DATA RECORDS:
════════════════════

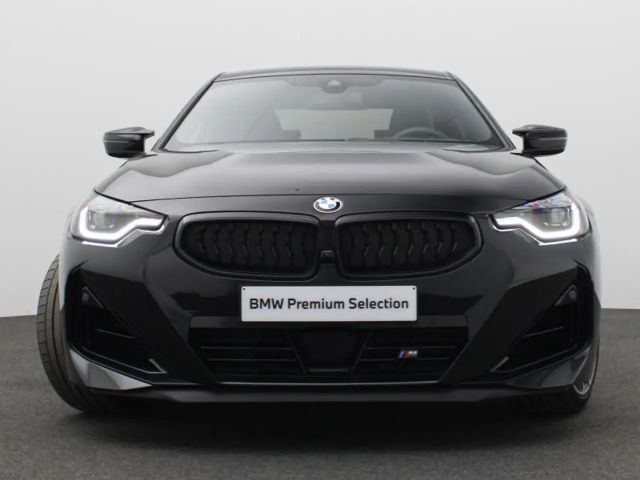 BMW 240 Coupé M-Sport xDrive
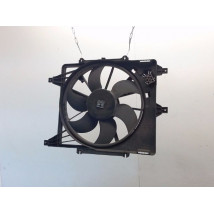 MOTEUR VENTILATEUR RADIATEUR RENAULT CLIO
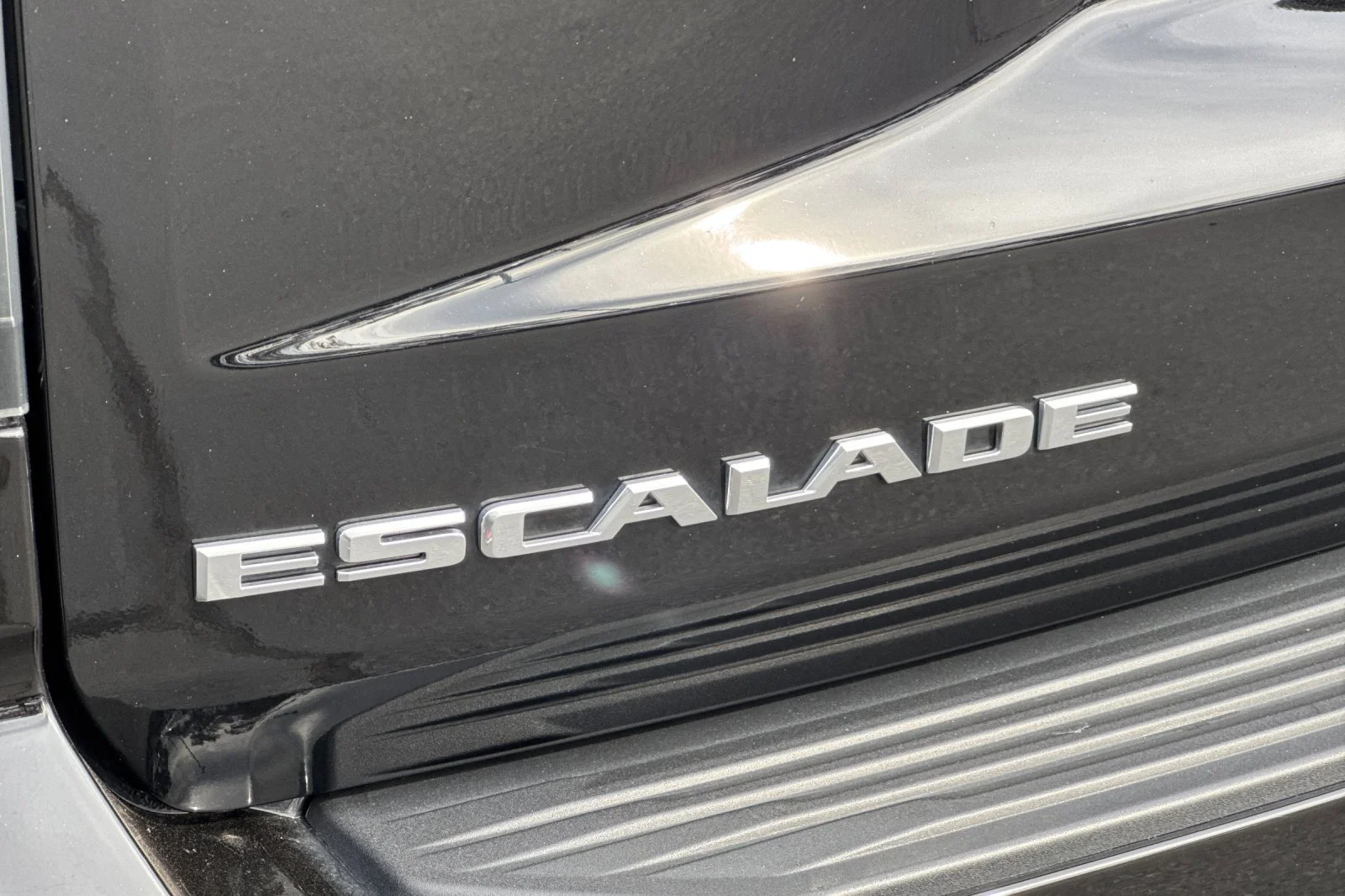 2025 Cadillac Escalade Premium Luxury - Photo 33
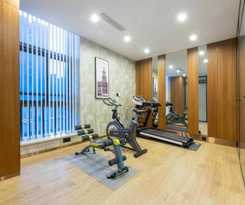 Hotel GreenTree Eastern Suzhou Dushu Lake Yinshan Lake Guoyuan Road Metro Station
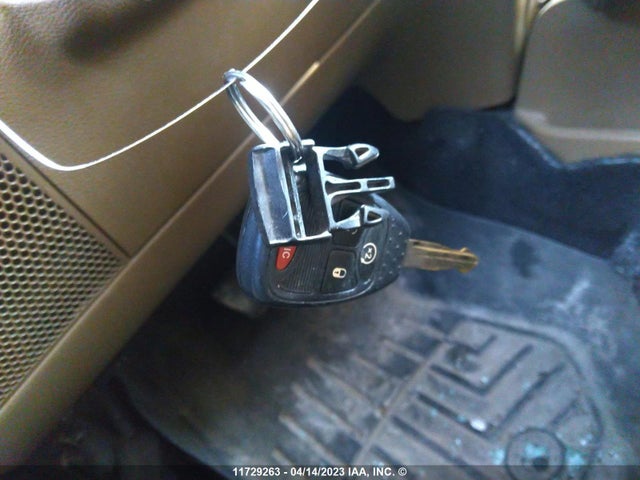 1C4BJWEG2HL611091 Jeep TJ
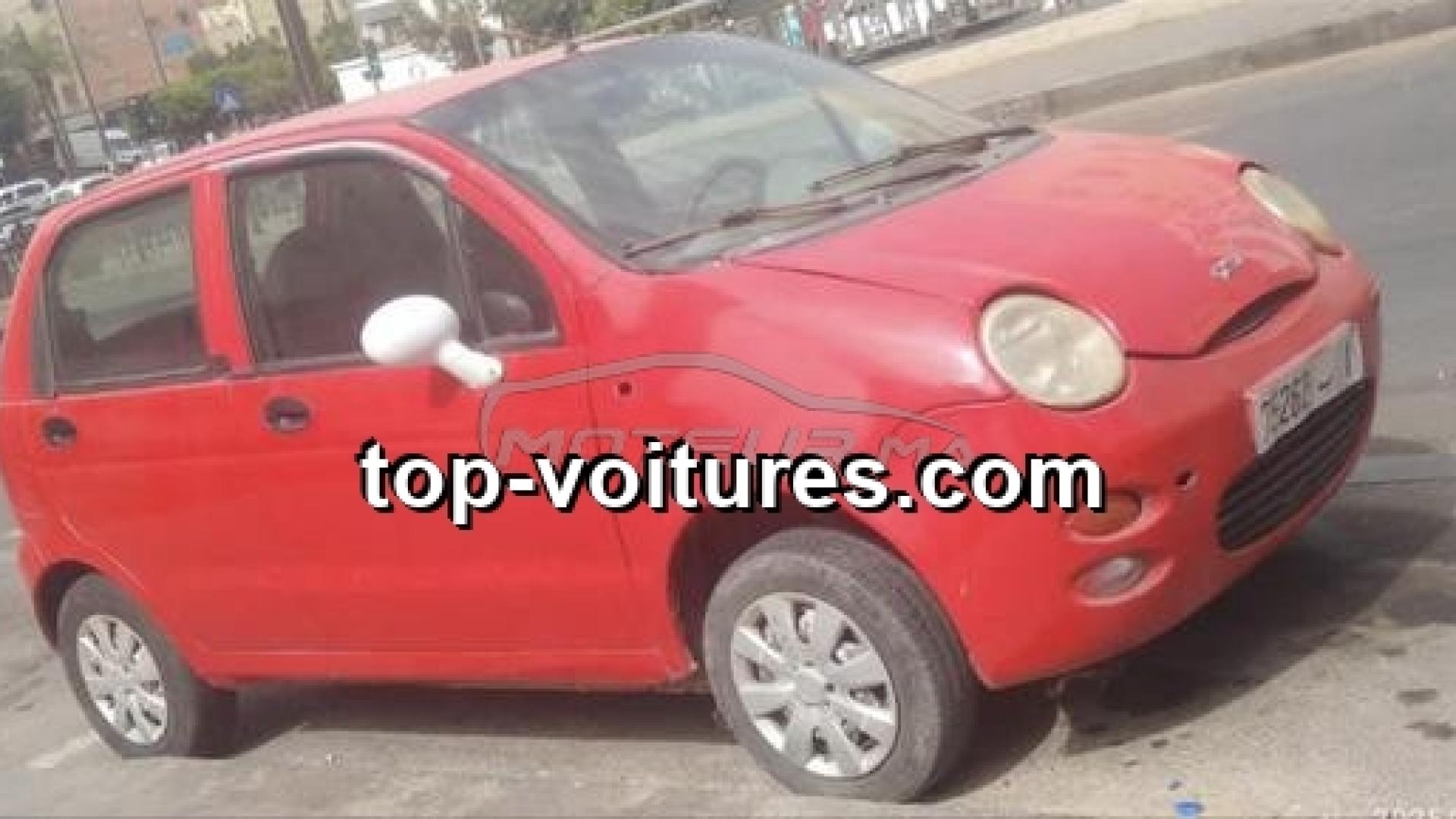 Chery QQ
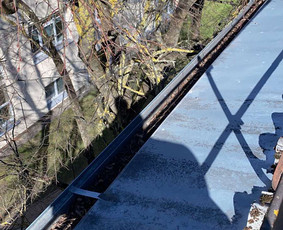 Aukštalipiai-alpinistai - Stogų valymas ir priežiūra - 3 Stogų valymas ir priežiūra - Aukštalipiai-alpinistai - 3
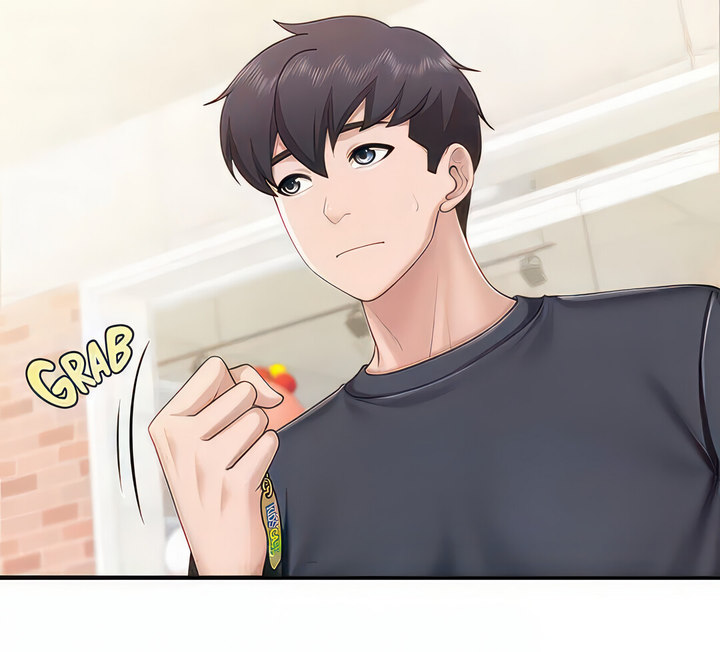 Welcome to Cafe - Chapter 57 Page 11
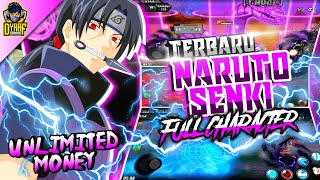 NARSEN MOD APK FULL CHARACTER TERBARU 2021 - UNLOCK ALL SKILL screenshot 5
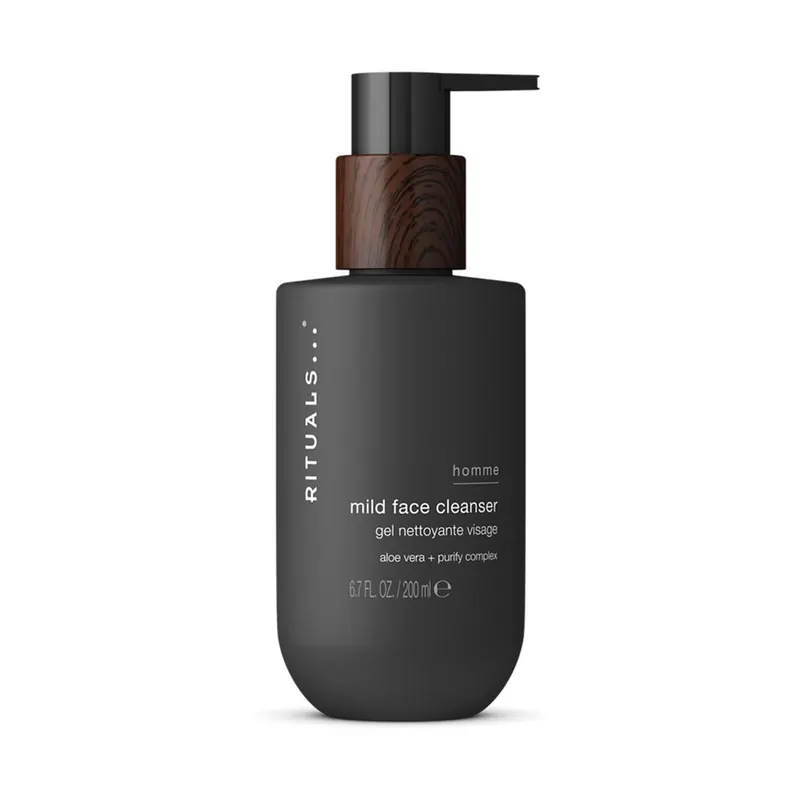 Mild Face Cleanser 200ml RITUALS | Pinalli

════════════════════

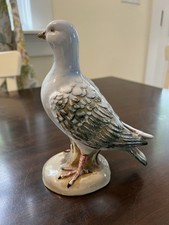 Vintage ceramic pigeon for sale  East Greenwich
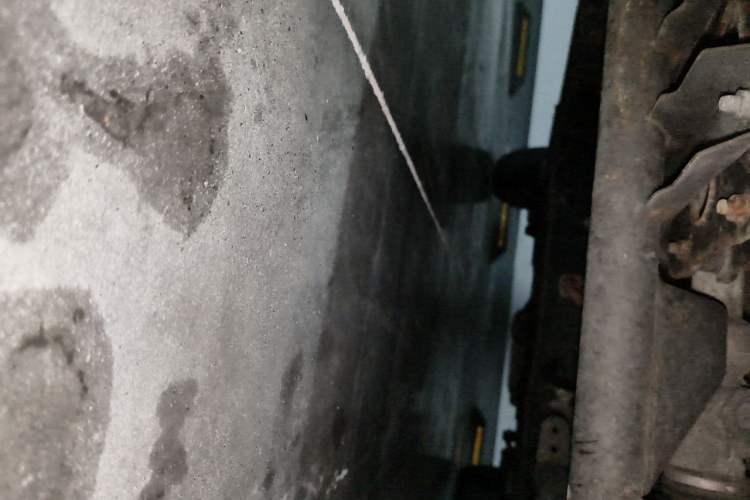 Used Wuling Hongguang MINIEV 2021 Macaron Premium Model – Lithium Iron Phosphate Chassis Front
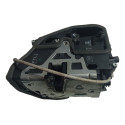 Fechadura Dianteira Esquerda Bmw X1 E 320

════════════════════

EXERCISE: What is wanted is an exact copy of the lines above from the one containing "Vintage ceramic pigeon" through the one containing "Fechadura Dianteira Esquerda Bmw X1 E 320", with no pictures in it.

OUTPUT OF THE TASK:
 Vintage ceramic pigeon for sale  East Greenwich
 Used Wuling Hongguang MINIEV 2021 Macaron Premium Model – Lithium Iron Phosphate Chassis Front
 Fechadura Dianteira Esquerda Bmw X1 E 320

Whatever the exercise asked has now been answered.